La recensione su Furyo

di sasso67
8 stelle

Uno guarda un film di più di vent'anni fa e di chi è la prima facciona che compare sullo schermo? È proprio di Takeshi Kitano, quello "Hana-Bi" e "Dolls". È lui il sergente Hara che apre e chiude questo bellissimo film di Nagisa Oshima, nel quale sono messi a confronto il senso dell'onore proprio dei giapponesi, rappresentato dall'inflessibile capitano Yonoi, e quello degli europei, impersonato, prima che dall'umano tenente colonnello Lawrence e dall'ambiguo maggiore Celliers, dal colonnello Hicksley. E con il suo sguardo bonario, proprio Lawrence sembra rappresentare il punto di vista del narratore, e sembra voler dire al militare giapponese che comanda il campo di prigionia "è a causa del vostro ottuso senso dell'onore che perderete la guerra".
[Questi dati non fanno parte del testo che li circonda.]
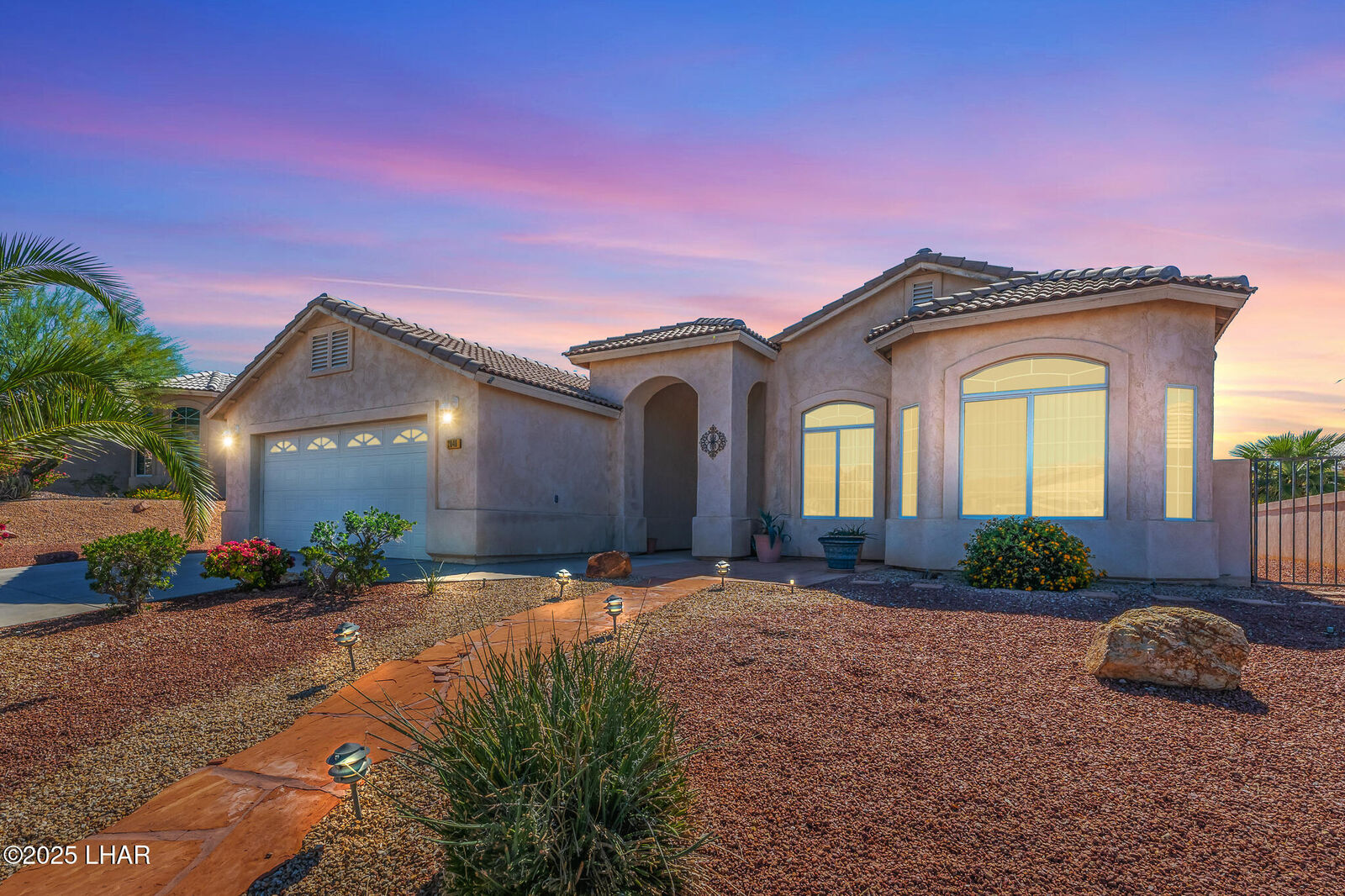 Property Photo: 2840 La Paloma Dr AZ 86429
Ma il film è molto di più che questo, perché a sconvolgere questo franco confronto di tradizioni antropologiche oltre che militari, interviene il personaggio interpretato da David Bowie, attore tutt'altro che trascendentale, ma sufficientemente ambiguo (e chi meglio di lui?) per sconvolgere la mente del capitano Yonoi, tanto che l'attendente di quest'ultimo, capita l'antifona, cerca di uccidere il nuovo arrivato. Argutamente Tullio Kezich ha definito "Furyo" «l'incrocio di "Querelle" con "Il ponte sul fiume Kwai"», per la commistione delle ormai arcinote traversie dei prigionieri britannici nei campi giapponesi e l'attrazione in parte omosessuale e in parte servo/padrone che si sviluppa tra Yonoi e Celliers (stupenda la scena del bacio del prigioniero britannico al comandante nipponico). E se il flashback che ricostruisce un fatto del passato del maggiore c'entra più o meno come i cavoli a merenda, anche se serve a mostrare come anche le più nobili istituzioni occidentali (gli austeri colleges inglesi) nascondono rituali sadici che somigliano da vicino alle crudeltà dei campi di prigionia, è ancora il faccione di Kitano a chiudere il film in maniera davvero commovente, augurando quel «Buon Natale. mister Lawrence!» che resta nella mente.